Scraped caption text data
◆ ◆ ◆

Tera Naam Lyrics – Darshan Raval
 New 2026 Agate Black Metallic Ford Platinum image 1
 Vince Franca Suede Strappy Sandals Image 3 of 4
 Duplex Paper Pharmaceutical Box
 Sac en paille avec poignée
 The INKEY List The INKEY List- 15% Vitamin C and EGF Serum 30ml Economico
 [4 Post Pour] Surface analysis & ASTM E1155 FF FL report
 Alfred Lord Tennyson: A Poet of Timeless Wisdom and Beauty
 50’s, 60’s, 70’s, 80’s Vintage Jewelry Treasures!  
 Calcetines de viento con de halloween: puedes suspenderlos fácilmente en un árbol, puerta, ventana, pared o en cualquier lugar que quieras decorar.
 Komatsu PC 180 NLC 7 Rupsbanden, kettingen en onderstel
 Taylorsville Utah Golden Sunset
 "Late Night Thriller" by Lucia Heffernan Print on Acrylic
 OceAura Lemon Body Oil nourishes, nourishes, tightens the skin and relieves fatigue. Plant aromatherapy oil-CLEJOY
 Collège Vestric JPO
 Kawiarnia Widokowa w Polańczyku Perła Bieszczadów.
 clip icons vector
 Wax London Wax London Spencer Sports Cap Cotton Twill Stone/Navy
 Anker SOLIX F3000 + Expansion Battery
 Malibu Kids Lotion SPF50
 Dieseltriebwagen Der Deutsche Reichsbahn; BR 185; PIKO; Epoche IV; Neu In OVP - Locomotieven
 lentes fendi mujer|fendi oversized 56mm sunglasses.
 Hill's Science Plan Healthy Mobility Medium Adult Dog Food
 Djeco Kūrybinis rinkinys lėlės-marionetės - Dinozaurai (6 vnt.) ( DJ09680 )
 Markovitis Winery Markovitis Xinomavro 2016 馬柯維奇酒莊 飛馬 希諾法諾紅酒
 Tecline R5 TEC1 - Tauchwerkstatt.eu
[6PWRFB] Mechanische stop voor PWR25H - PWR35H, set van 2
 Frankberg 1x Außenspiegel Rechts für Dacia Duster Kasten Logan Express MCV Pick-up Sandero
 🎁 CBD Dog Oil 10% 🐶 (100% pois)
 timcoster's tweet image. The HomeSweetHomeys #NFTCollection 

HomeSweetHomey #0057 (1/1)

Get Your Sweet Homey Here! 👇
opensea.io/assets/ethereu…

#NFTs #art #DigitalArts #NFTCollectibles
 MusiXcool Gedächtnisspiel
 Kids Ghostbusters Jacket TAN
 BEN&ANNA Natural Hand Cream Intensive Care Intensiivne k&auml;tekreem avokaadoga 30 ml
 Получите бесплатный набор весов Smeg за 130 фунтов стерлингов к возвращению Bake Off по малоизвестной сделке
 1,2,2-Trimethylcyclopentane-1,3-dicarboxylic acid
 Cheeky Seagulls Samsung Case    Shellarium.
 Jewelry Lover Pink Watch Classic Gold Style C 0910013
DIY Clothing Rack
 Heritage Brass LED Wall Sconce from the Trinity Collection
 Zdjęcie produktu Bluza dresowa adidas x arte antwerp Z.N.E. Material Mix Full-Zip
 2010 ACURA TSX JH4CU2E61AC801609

◆ ◆ ◆

_TO DO_
Pull every line containing the string "Jewelry" out of the data above and copy it.

_ANSWER_
 50’s, 60’s, 70’s, 80’s Vintage Jewelry Treasures!  
 Jewelry Lover Pink Watch Classic Gold Style C 0910013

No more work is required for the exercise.